## [Source data]

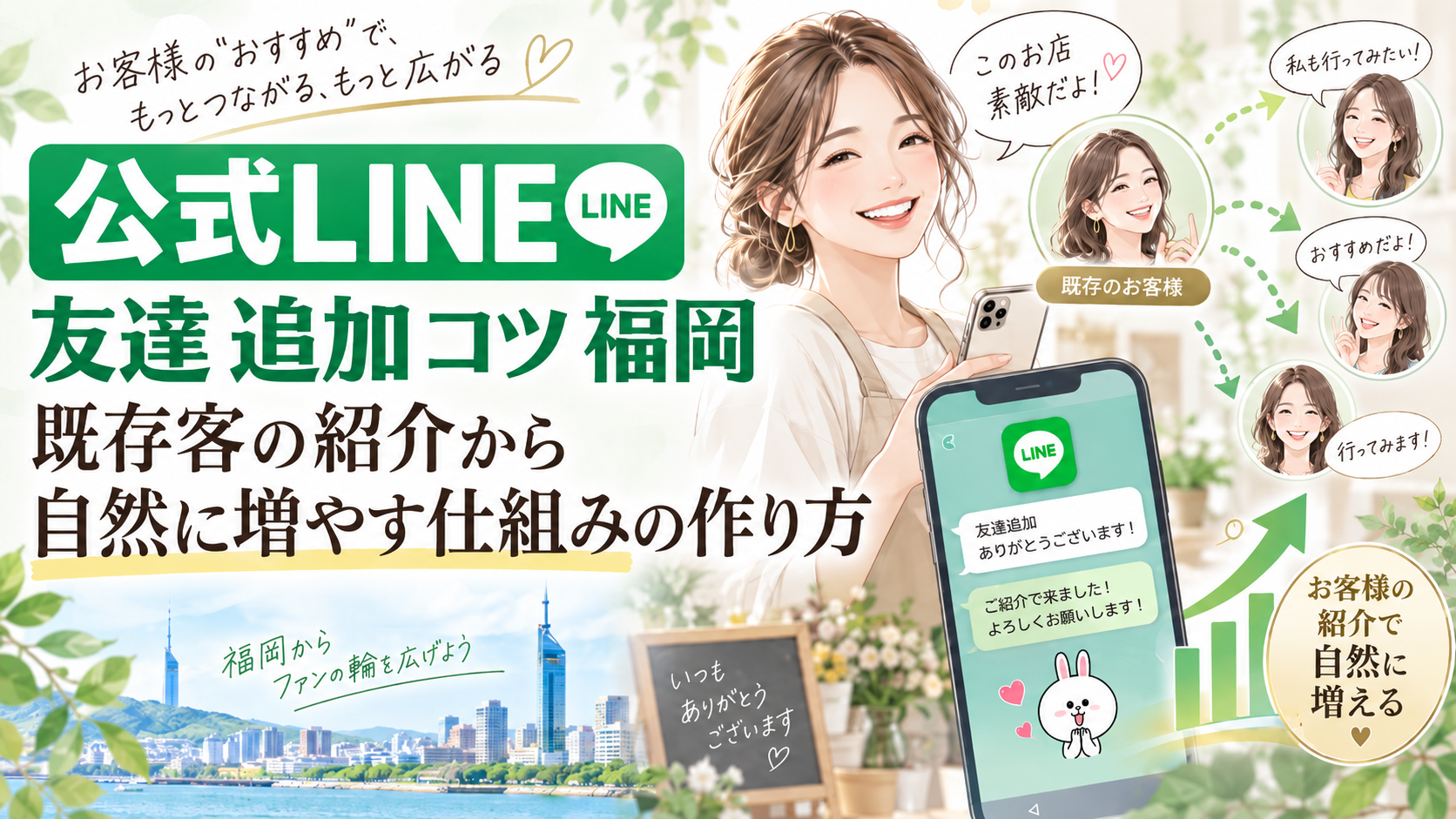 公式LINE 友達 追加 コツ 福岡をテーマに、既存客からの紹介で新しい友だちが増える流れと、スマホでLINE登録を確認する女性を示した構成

---

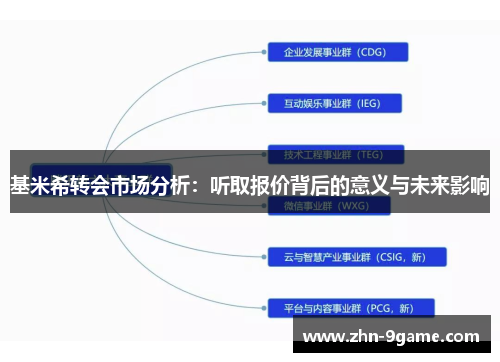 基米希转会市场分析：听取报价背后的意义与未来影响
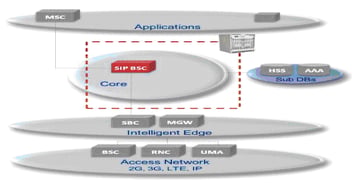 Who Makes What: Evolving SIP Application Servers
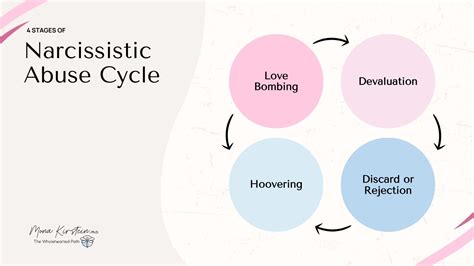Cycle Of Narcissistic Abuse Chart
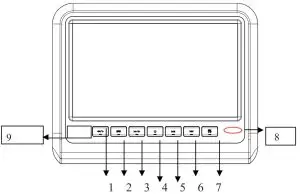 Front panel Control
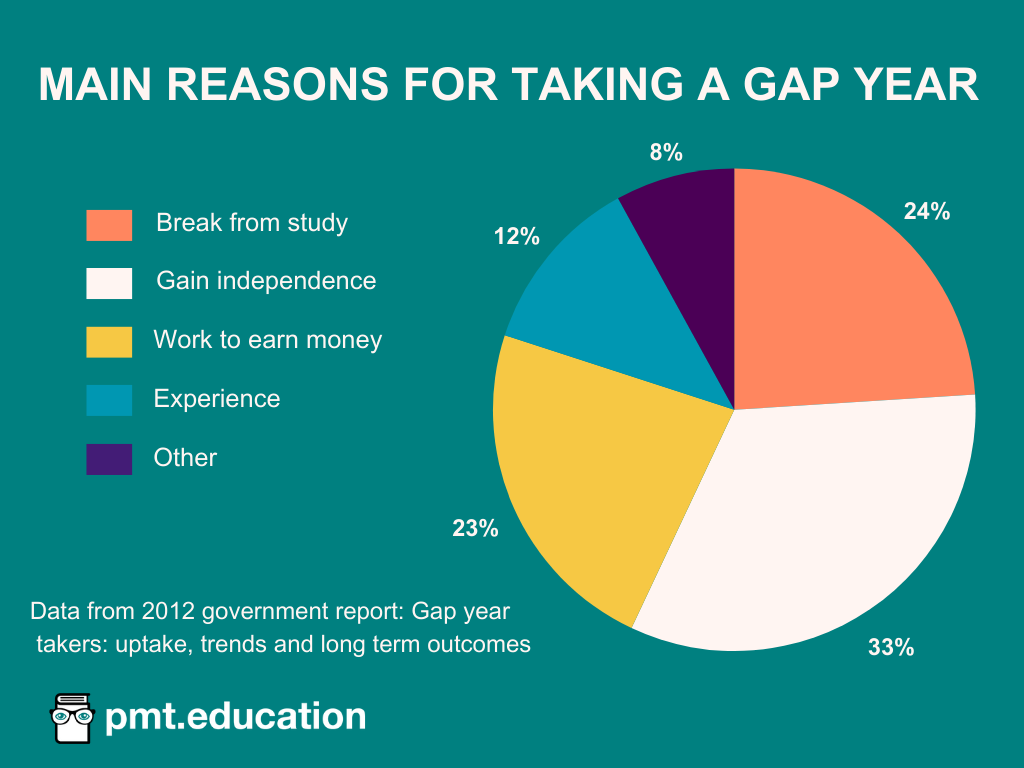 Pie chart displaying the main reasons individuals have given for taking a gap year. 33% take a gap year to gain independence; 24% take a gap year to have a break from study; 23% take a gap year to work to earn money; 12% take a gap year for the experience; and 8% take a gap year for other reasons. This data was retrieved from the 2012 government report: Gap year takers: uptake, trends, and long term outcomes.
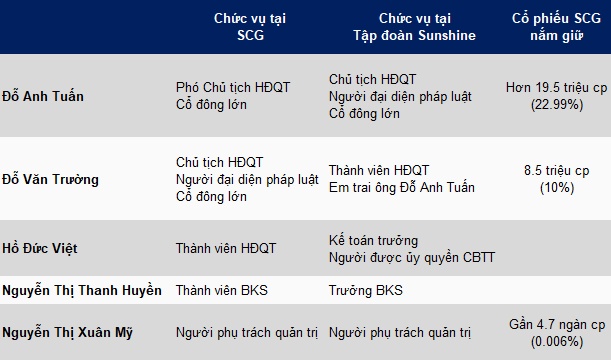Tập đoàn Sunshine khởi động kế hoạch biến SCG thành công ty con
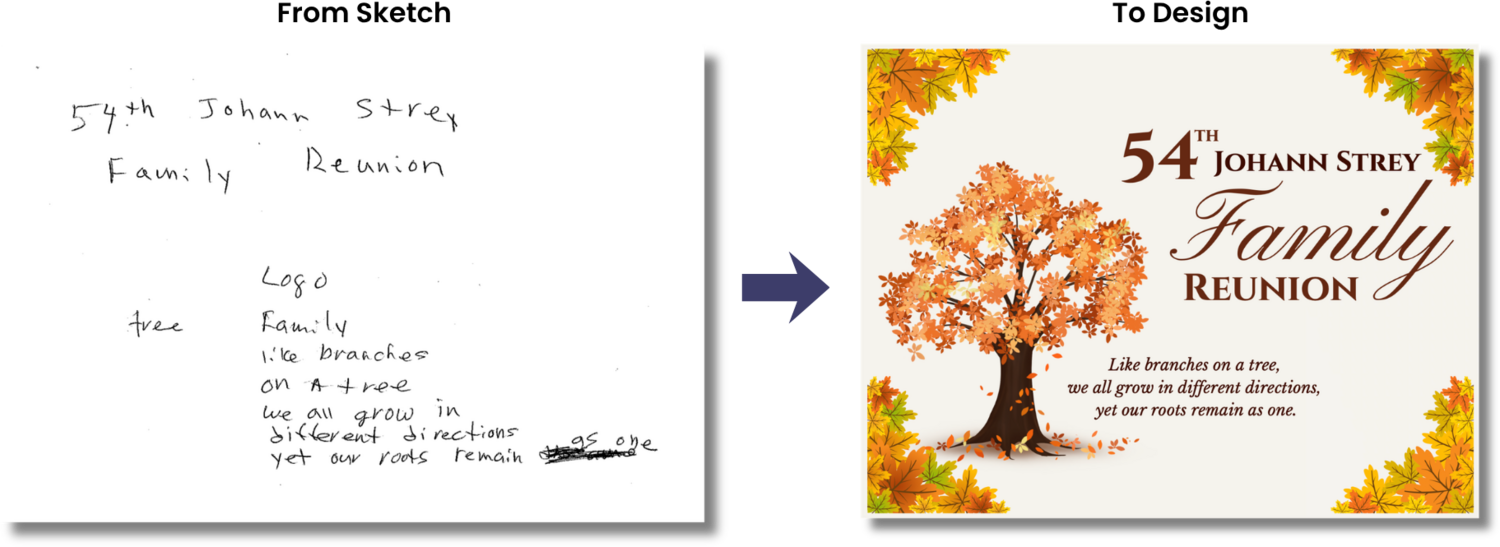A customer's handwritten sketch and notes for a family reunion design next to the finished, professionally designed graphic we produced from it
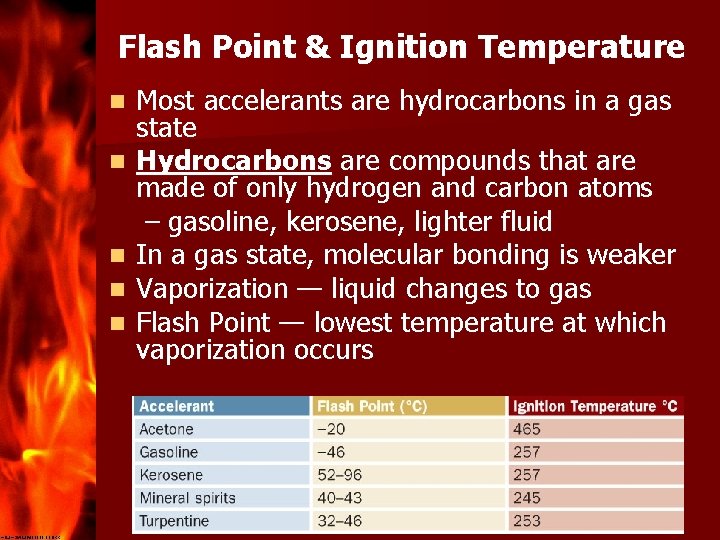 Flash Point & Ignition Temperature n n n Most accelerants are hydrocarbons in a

...

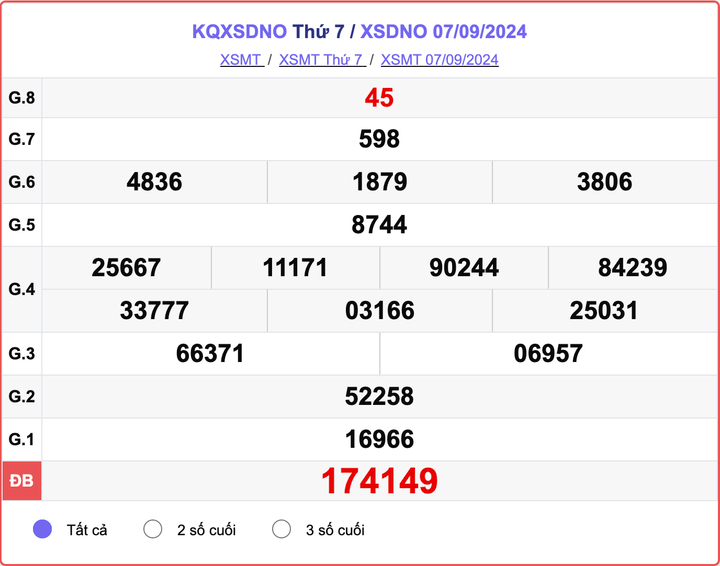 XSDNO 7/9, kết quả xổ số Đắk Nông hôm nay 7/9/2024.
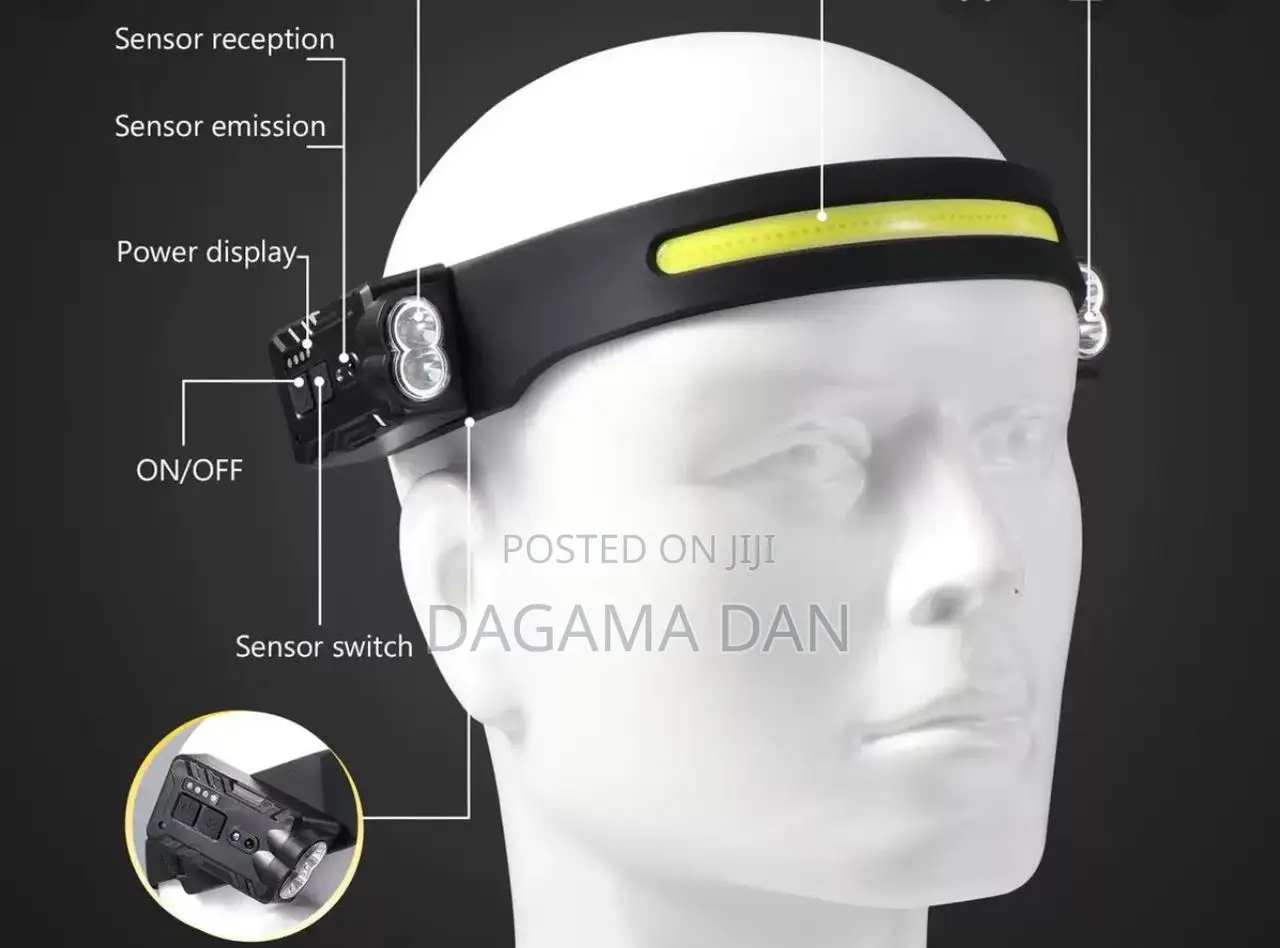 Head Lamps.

## [Work instruction]
Line for line, output the entries above from the line with "Who Makes What: Evolving" to the line with "Flash Point &", both included, and nothing more. Skip pictures.

## [Answer for the task]
 Who Makes What: Evolving SIP Application Servers
Cycle Of Narcissistic Abuse Chart
 Front panel Control
 Pie chart displaying the main reasons individuals have given for taking a gap year. 33% take a gap year to gain independence; 24% take a gap year to have a break from study; 23% take a gap year to work to earn money; 12% take a gap year for the experience; and 8% take a gap year for other reasons. This data was retrieved from the 2012 government report: Gap year takers: uptake, trends, and long term outcomes.
Tập đoàn Sunshine khởi động kế hoạch biến SCG thành công ty con
A customer's handwritten sketch and notes for a family reunion design next to the finished, professionally designed graphic we produced from it
 Flash Point & Ignition Temperature n n n Most accelerants are hydrocarbons in a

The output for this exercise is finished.